**Work instructions**
Please set out each line below exactly as it stands, without the images.

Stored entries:
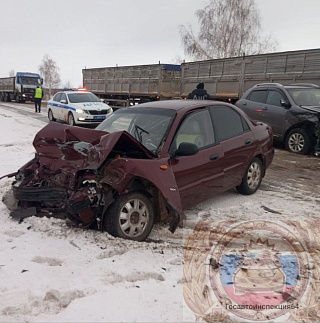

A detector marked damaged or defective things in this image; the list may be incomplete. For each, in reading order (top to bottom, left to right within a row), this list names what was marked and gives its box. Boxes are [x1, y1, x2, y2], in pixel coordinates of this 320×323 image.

crumpled hood [31, 122, 154, 175]
damaged maroon sedan [1, 100, 274, 240]
dark damaged car [1, 100, 274, 240]
dark damaged car [235, 83, 320, 155]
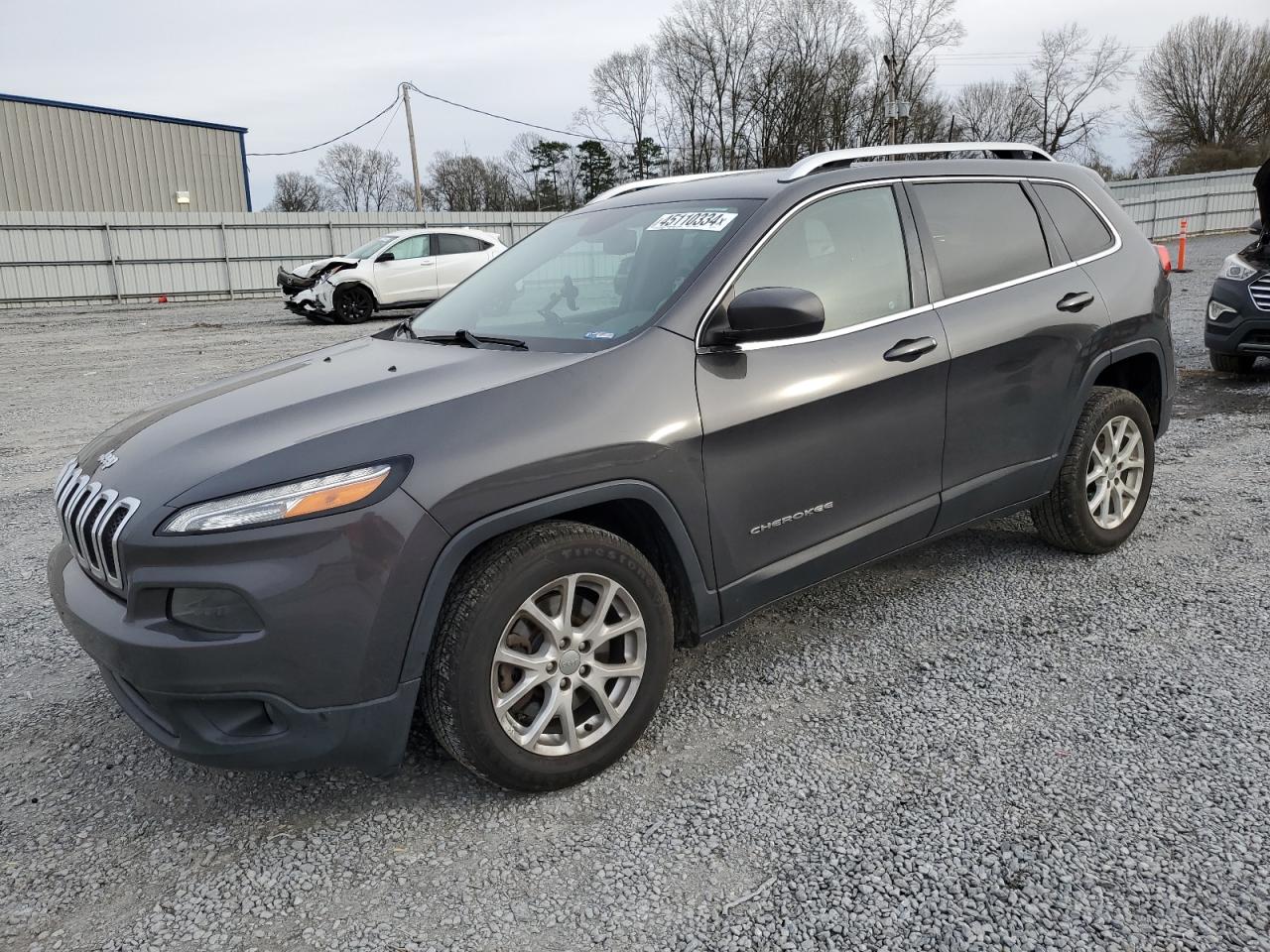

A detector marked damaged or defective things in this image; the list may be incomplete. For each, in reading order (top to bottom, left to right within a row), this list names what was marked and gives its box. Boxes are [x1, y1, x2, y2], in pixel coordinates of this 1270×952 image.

damaged white car [279, 229, 505, 327]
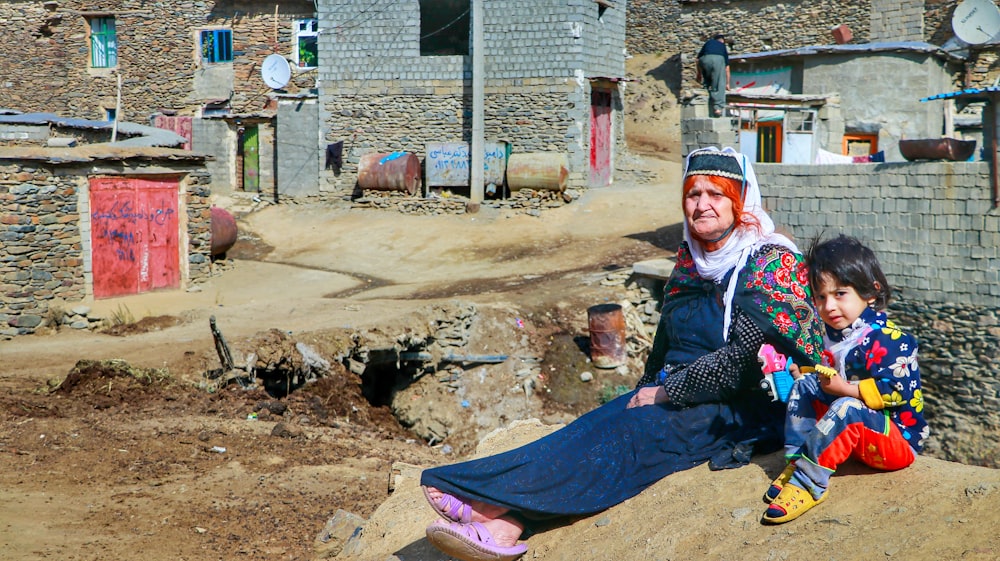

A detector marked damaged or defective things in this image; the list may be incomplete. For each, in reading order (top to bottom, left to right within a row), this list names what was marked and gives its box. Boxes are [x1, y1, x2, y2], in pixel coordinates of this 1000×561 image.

rusty barrel [358, 152, 420, 196]
rusty barrel [512, 152, 568, 191]
rusty barrel [209, 206, 236, 256]
rusty barrel [584, 302, 624, 368]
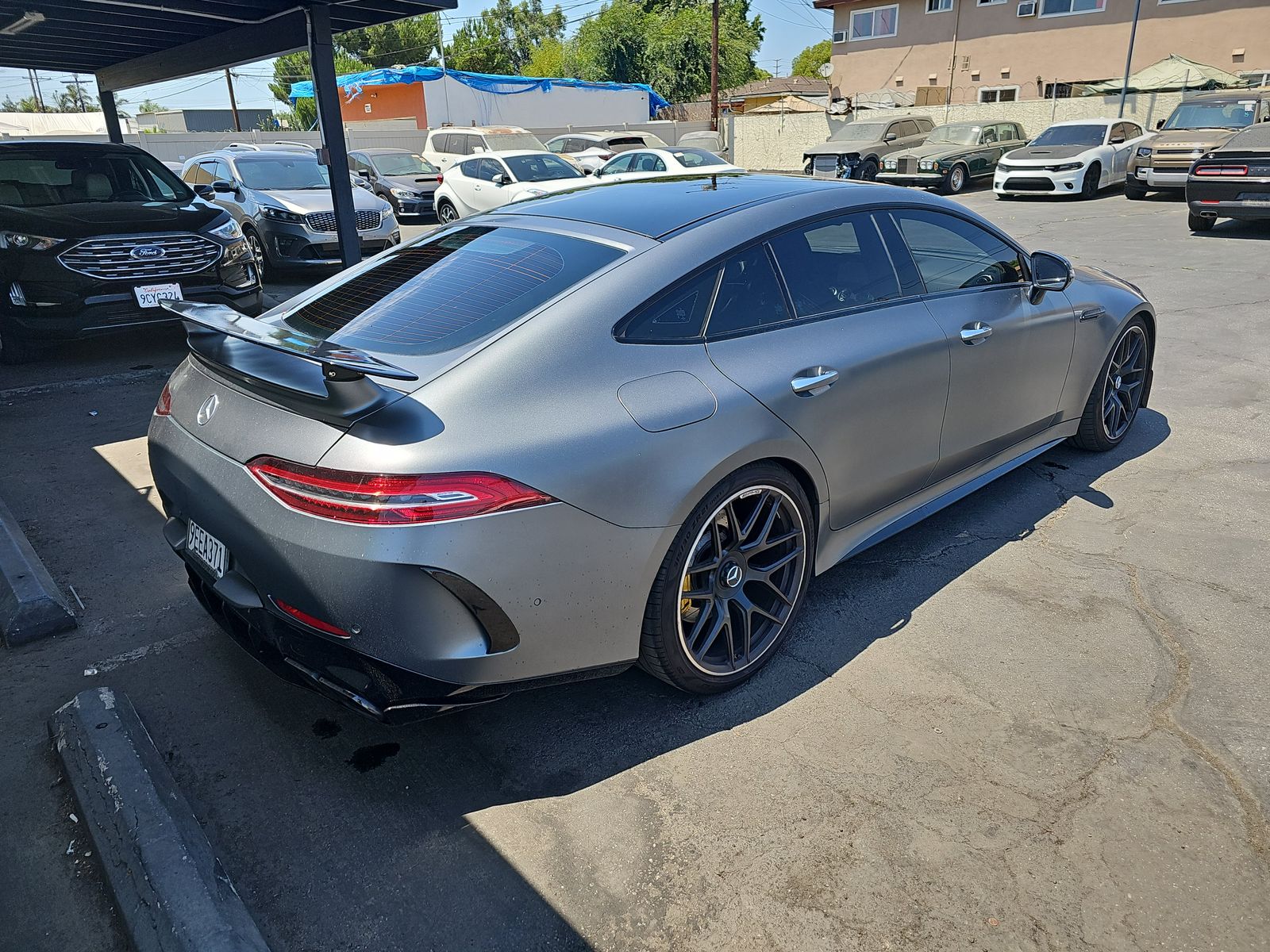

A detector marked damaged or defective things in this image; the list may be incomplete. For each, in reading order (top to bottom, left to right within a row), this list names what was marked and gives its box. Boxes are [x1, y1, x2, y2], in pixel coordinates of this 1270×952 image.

cracked concrete [2, 202, 1270, 952]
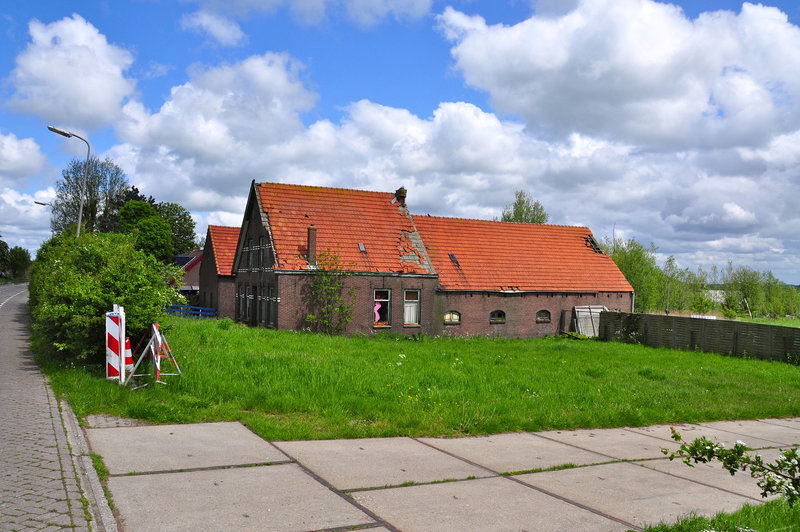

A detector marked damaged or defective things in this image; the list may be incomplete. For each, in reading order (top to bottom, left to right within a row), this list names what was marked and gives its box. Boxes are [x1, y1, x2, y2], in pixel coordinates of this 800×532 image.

damaged roof section [256, 182, 434, 274]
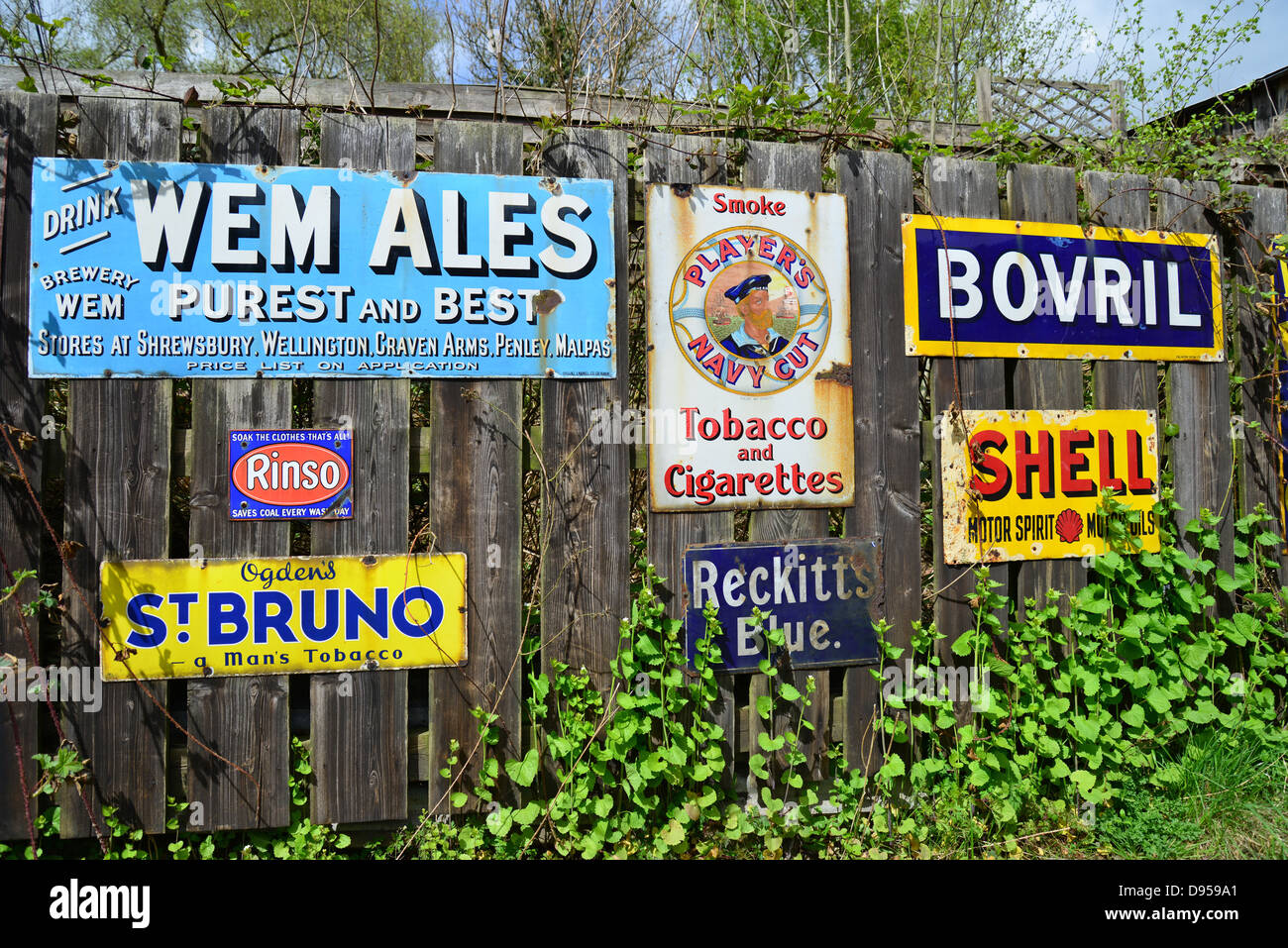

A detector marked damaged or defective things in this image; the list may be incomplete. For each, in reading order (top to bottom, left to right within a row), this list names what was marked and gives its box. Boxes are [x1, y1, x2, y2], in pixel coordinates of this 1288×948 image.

rusty metal sign [29, 158, 610, 376]
rusty metal sign [646, 186, 848, 511]
rusty metal sign [900, 216, 1221, 363]
rusty metal sign [939, 406, 1157, 563]
rusty metal sign [97, 547, 466, 682]
rusty metal sign [678, 539, 876, 674]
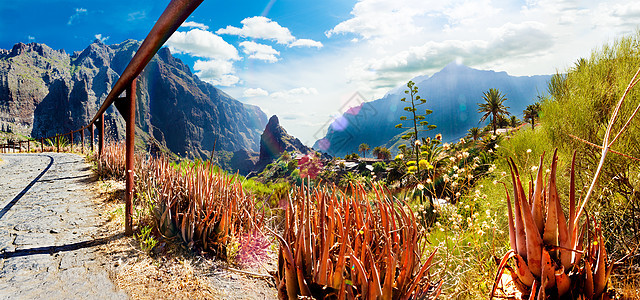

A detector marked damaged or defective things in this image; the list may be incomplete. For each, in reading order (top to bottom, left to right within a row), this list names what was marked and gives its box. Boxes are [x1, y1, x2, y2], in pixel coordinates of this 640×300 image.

rusty metal railing [0, 0, 202, 236]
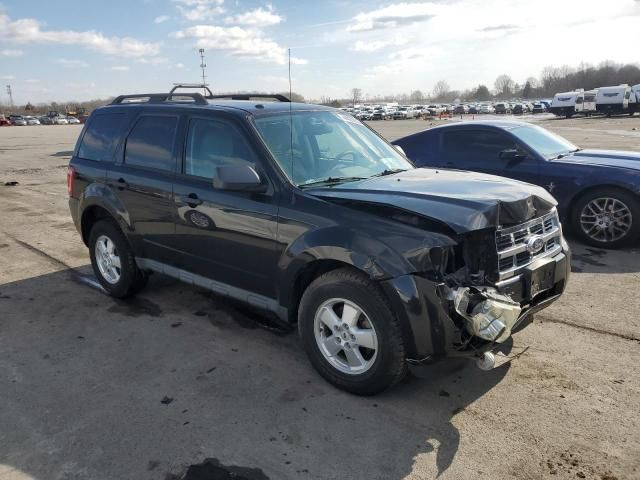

**Written answer**
A detector marked damaged or defective things in this image; the list may be incomplete. For each, in reading order (top to bottom, left to right within a row), this list names what was marked and gives its box. Boxes are [x1, y1, x2, y2], in pixel coordinates of this 320×323 image.

crumpled hood [31, 122, 154, 175]
damaged maroon sedan [1, 100, 274, 240]
dark damaged car [1, 100, 274, 240]
dark damaged car [235, 83, 320, 155]

A detector marked damaged or defective things in this image; the list may be incomplete. For each, in reading order (top to bottom, left to right within a row), this list names what was marked and gives its box. Boxes are [x1, y1, x2, y2], in pixel coordinates of this 1270×952 image.

damaged white car [279, 229, 505, 327]

A detector marked damaged or defective things in this image; the list may be incomplete. For each, in reading order (top to bottom, left to right within a row), this list names what was marked and gives its box. Boxes are [x1, y1, x2, y2], in pixel coordinates of this 1000×561 image.

rusty barrel [358, 152, 420, 196]
rusty barrel [512, 152, 568, 191]
rusty barrel [209, 206, 236, 256]
rusty barrel [584, 302, 624, 368]

A detector marked damaged or defective things in this image; the list may be incomplete. For each, in reading order (top to bottom, left to right within a row), this list names what was marked and gives its box. Boxes are [x1, y1, x2, y2], in pixel coordinates of this 1270×952 image.

cracked concrete [2, 202, 1270, 952]

A detector marked damaged or defective things in this image; the list may be incomplete. For each, in reading order (top to bottom, left to right within a row), this list names what was marked and gives its box. Boxes are [x1, y1, x2, y2], in pixel coordinates of this 800×532 image.

damaged roof section [256, 182, 434, 274]

A detector marked damaged or defective things in this image; the list may be incomplete. For each, in reading order (top to bottom, left to right within a row), this list names what was marked and gives its box. Boxes are [x1, y1, x2, y2], in pixel coordinates of this 1288×948 image.

rusty metal sign [29, 158, 610, 376]
rusty metal sign [646, 186, 848, 511]
rusty metal sign [900, 216, 1221, 363]
rusty metal sign [939, 406, 1157, 563]
rusty metal sign [97, 547, 466, 682]
rusty metal sign [678, 539, 876, 674]

A detector marked damaged or defective things in this image; the list may be incomplete. For each, in reading order (top to bottom, left to right within a row), this list names what was marked and gives its box. Boxes are [x1, y1, x2, y2], in pixel coordinates of this 640×300 image.

rusty metal railing [0, 0, 202, 236]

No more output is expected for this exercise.